I'm looking at the proof of Donsker's theorem and it is used that
$\frac{1}{\delta}\int_{\frac{1}{\sqrt{\delta}}}^\infty{e^{-y^2/2}}dy\leq \int_{\frac{1}{\sqrt{\delta}}}^\infty{y^2e^{-y^2/2}}dy$
But I can't figure out why this should hold. $\delta$ is supposed to tend to $0$. I tried partial integration and change of variable without success.
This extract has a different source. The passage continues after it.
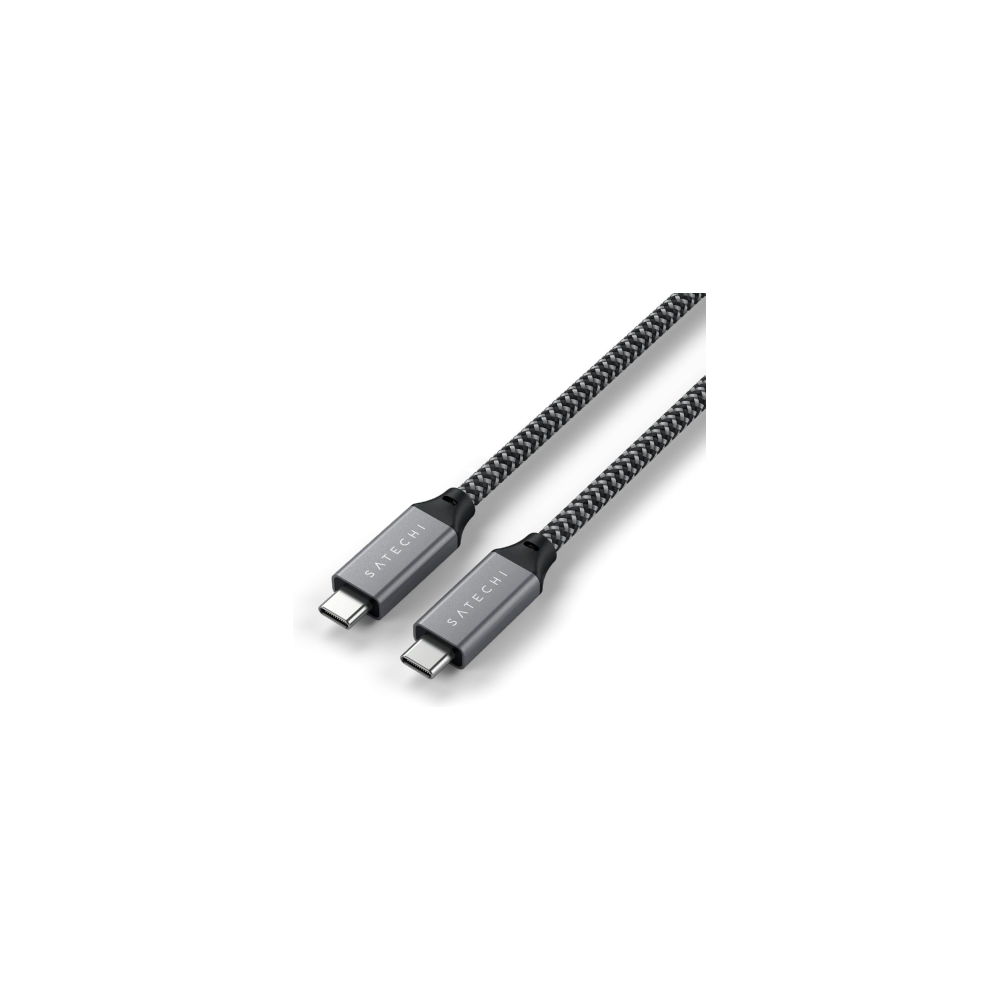 Hurtownia GSM - Cablu Satechi USB4 USB-C/USB-C 100W 80cm (gri spațial) - STH19 - {ean13} - Hurt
Is there some other fact to use?
Notice that the integral is over $y \geqslant 1/\sqrt{\delta}$. Hence in the integrand, $y^2>\frac{1}{\delta}$, so $$ \int_{\delta^{-1/2}}^{\infty} y^2 f(y) \, dy \geqslant \int_{\delta^{-1/2}}^{\infty} \frac{1}{\delta} f(y) \, dy. $$
More generally, if $g(x)$ is an nondecreasing function of $x$, you have $$ g(a) \int_a^b f(x) \, dx \leqslant \int_a^b g(x) f(x) \, dx \leqslant g(b) \int_a^b f(x) \, dx $$ in exactly the same way. This is on the way to the Mean Value Theorem for integrals.